Law360’s August 12 article “Outsiders Defend Calif. Class Action Law In Qualcomm Appeal” highlighted AAI’s amicus brief in Stromberg v. Qualcomm. From the article:
Advocacy groups and academics have assailed Qualcomm for trying to duck certification of an antitrust class estimated at 250 million U.S. consumers, telling the Ninth Circuit in amicus briefs that the chipmaker was attempting to “manufacture a policy conflict among state antitrust laws” to evade application of California law to a national class.
The American Antitrust Institute on Friday filed one of four amicus briefs supporting consumers against Qualcomm’s appeal of class certification. In it, the group, which advocates for robust antitrust enforcement, blasted Qualcomm’s attempts to claim that California’s Cartwright Act cannot be applied to the nationwide class because unlike California, many states haven’t created carveouts to the prohibition on federal law antitrust damages claims from so-called indirect purchasers.

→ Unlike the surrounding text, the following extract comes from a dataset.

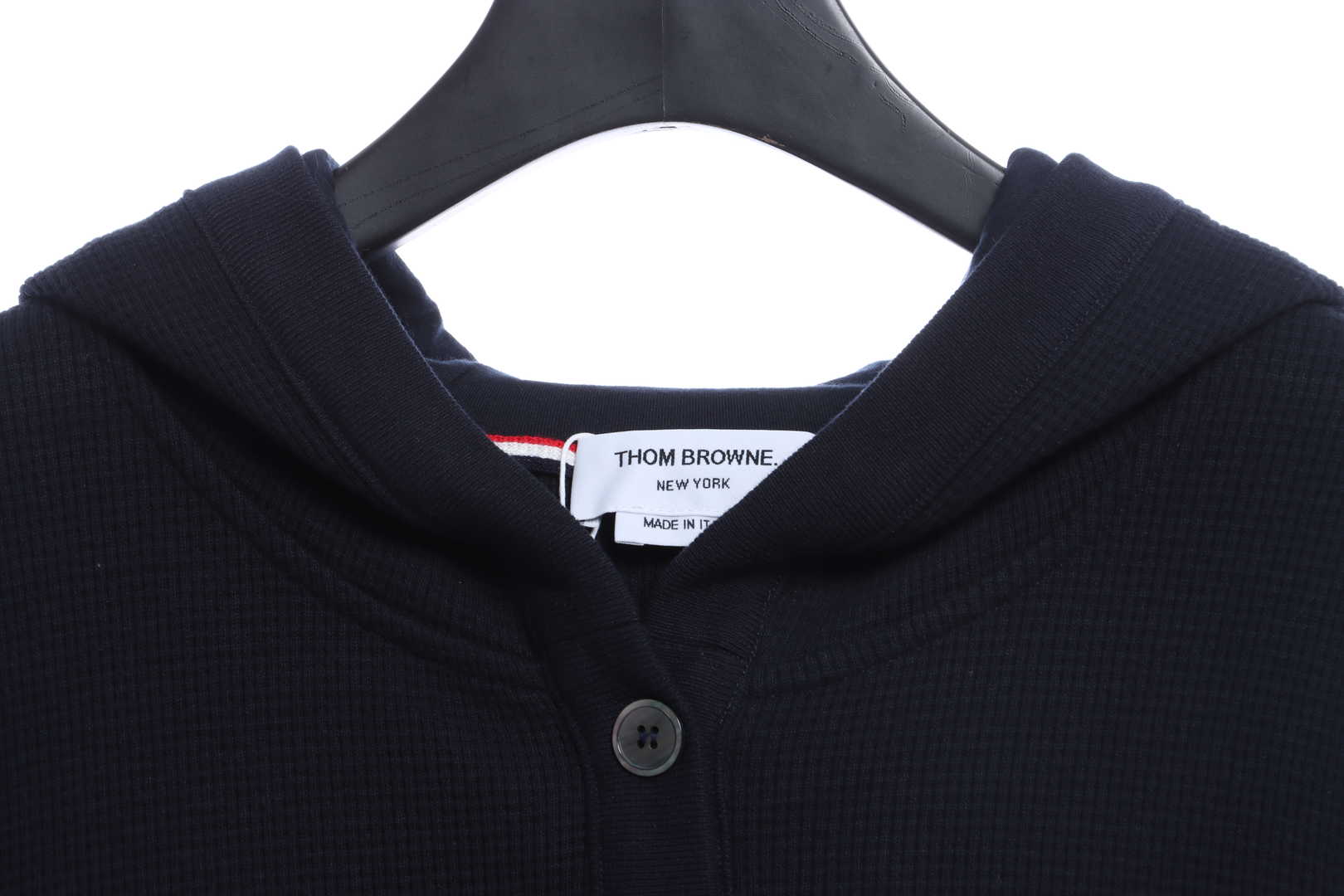 Thom Browne Waffle Hooded Cardigan Black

“This court should reject Qualcomm’s effort to manufacture a policy conflict among state antitrust laws,” the AAI said.
According to the brief, “choice-of-law” rules mandate that claims over Qualcomm’s licensing practices be weighed under California laws, unless the company can show a conflict with the laws of other states. But the AAI maintains there is no conflict as it charted the differences between states that still follow the indirect purchaser bar created by the U.S. Supreme Court’s 1977 ruling in Illinois Brick Co. v. Illinois , and those who’ve repealed it.
“Follower states and repealer states are in harmony on substantive antitrust policy, and substantive considerations have primacy in conflict analysis. Follower and repealer states also are in harmony on remedial policy; they merely differ as to who may sue, which does not create a conflict under the governmental interest test,” the AAI said.